• Prompt: Please, could you print all the lines below exactly, leaving out the pictures?

• Material provided:

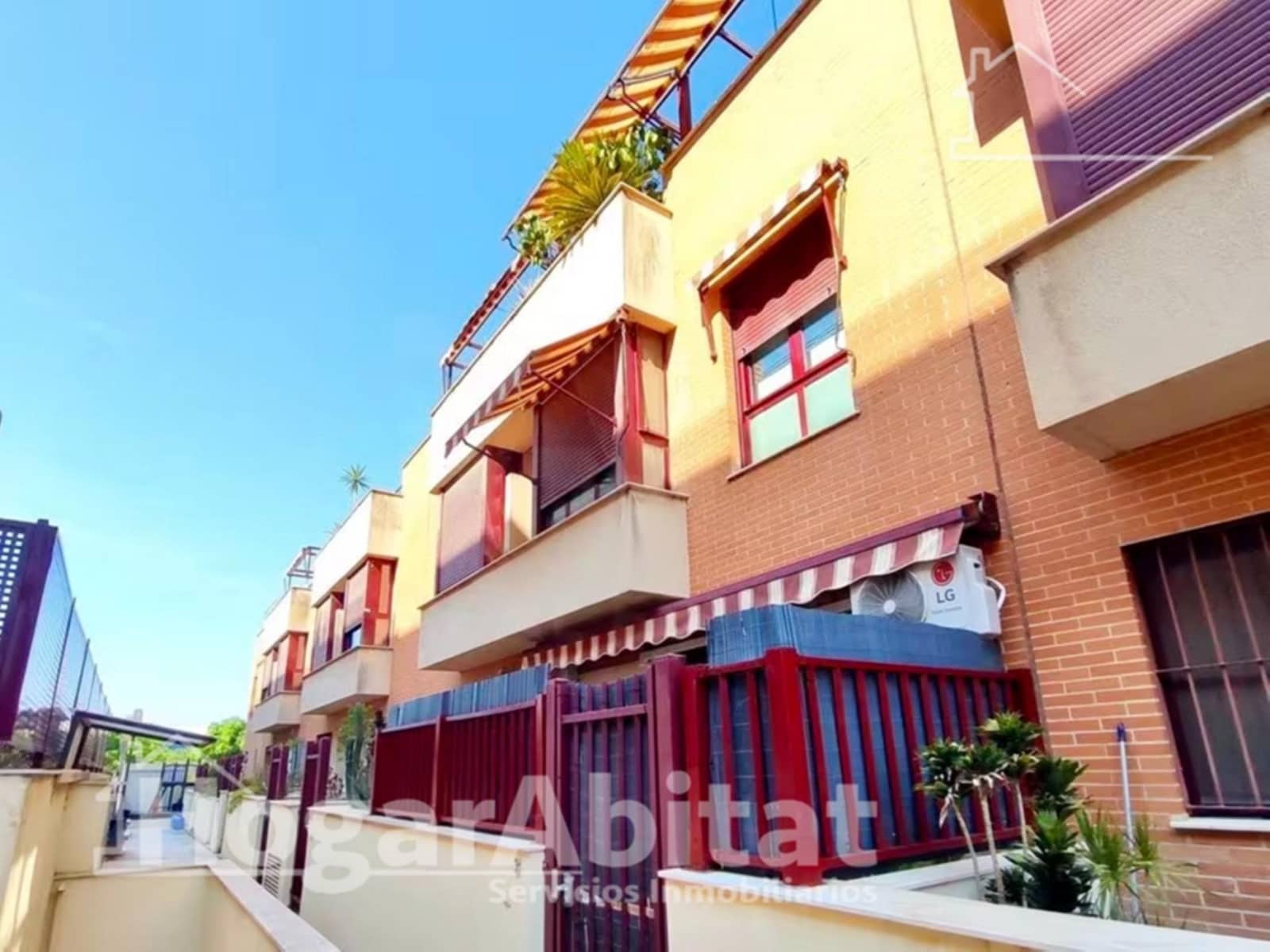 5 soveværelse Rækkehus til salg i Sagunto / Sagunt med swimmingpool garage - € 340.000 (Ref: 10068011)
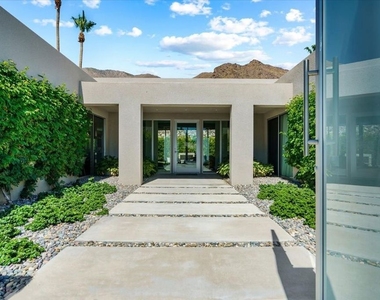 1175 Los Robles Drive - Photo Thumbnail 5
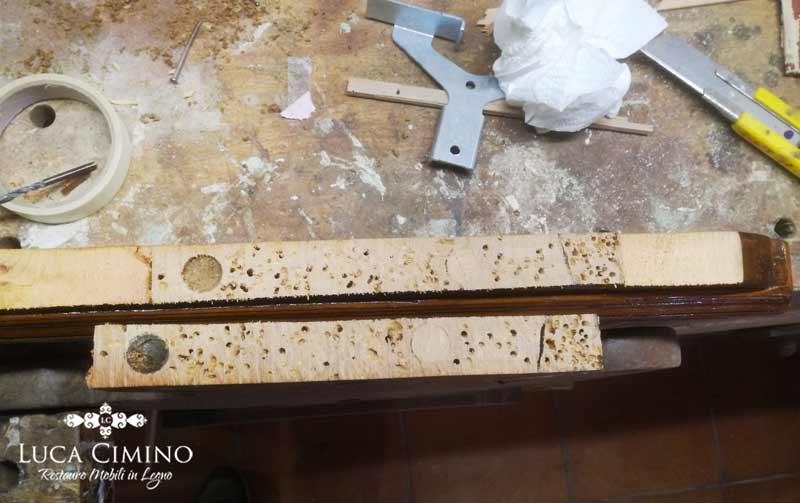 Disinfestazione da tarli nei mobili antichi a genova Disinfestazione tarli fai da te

• Exercise answer:
 5 soveværelse Rækkehus til salg i Sagunto / Sagunt med swimmingpool garage - € 340.000 (Ref: 10068011)
 1175 Los Robles Drive - Photo Thumbnail 5
 Disinfestazione da tarli nei mobili antichi a genova Disinfestazione tarli fai da te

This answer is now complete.